What you are asked to do: From the records below, transcribe exactly the lines that begin at the line with "The Future of the Economy" and end at the line with "RENAULT Rafale 1.2 E-Tech techno", both included.

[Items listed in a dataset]
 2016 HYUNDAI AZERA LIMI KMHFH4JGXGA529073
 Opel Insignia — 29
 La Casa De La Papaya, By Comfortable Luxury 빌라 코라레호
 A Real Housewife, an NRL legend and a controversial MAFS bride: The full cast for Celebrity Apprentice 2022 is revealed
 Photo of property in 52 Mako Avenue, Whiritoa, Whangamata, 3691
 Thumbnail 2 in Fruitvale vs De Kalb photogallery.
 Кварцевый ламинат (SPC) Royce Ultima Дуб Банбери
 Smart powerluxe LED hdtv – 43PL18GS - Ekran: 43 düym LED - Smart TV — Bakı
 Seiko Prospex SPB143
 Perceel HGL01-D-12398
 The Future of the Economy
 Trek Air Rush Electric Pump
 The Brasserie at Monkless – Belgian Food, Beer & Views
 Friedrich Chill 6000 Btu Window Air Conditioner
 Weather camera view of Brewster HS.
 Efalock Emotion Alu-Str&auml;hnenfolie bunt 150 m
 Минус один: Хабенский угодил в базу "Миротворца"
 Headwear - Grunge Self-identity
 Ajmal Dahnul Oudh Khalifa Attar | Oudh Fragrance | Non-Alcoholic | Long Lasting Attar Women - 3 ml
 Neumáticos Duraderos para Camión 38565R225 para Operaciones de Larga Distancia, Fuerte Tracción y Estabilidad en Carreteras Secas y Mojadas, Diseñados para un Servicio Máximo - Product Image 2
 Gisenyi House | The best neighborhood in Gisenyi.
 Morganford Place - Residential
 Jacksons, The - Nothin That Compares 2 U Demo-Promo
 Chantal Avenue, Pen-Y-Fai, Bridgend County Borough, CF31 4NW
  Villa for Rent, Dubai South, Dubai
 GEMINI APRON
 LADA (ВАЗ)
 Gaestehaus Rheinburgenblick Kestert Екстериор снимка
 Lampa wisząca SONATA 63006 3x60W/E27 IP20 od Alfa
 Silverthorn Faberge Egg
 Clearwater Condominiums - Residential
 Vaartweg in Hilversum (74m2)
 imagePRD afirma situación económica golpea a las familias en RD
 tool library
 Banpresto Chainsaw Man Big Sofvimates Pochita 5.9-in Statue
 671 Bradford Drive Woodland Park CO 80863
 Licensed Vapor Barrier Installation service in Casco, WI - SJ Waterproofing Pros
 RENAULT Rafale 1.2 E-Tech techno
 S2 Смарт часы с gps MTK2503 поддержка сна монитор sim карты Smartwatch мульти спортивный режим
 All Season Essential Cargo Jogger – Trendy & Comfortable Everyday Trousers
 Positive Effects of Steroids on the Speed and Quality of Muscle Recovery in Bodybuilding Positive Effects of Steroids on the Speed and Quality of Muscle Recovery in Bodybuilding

Written answer:
 The Future of the Economy
 Trek Air Rush Electric Pump
 The Brasserie at Monkless – Belgian Food, Beer & Views
 Friedrich Chill 6000 Btu Window Air Conditioner
 Weather camera view of Brewster HS.
 Efalock Emotion Alu-Str&auml;hnenfolie bunt 150 m
 Минус один: Хабенский угодил в базу "Миротворца"
 Headwear - Grunge Self-identity
 Ajmal Dahnul Oudh Khalifa Attar | Oudh Fragrance | Non-Alcoholic | Long Lasting Attar Women - 3 ml
 Neumáticos Duraderos para Camión 38565R225 para Operaciones de Larga Distancia, Fuerte Tracción y Estabilidad en Carreteras Secas y Mojadas, Diseñados para un Servicio Máximo - Product Image 2
 Gisenyi House | The best neighborhood in Gisenyi.
 Morganford Place - Residential
 Jacksons, The - Nothin That Compares 2 U Demo-Promo
 Chantal Avenue, Pen-Y-Fai, Bridgend County Borough, CF31 4NW
  Villa for Rent, Dubai South, Dubai
 GEMINI APRON
 LADA (ВАЗ)
 Gaestehaus Rheinburgenblick Kestert Екстериор снимка
 Lampa wisząca SONATA 63006 3x60W/E27 IP20 od Alfa
 Silverthorn Faberge Egg
 Clearwater Condominiums - Residential
 Vaartweg in Hilversum (74m2)
 imagePRD afirma situación económica golpea a las familias en RD
 tool library
 Banpresto Chainsaw Man Big Sofvimates Pochita 5.9-in Statue
 671 Bradford Drive Woodland Park CO 80863
 Licensed Vapor Barrier Installation service in Casco, WI - SJ Waterproofing Pros
 RENAULT Rafale 1.2 E-Tech techno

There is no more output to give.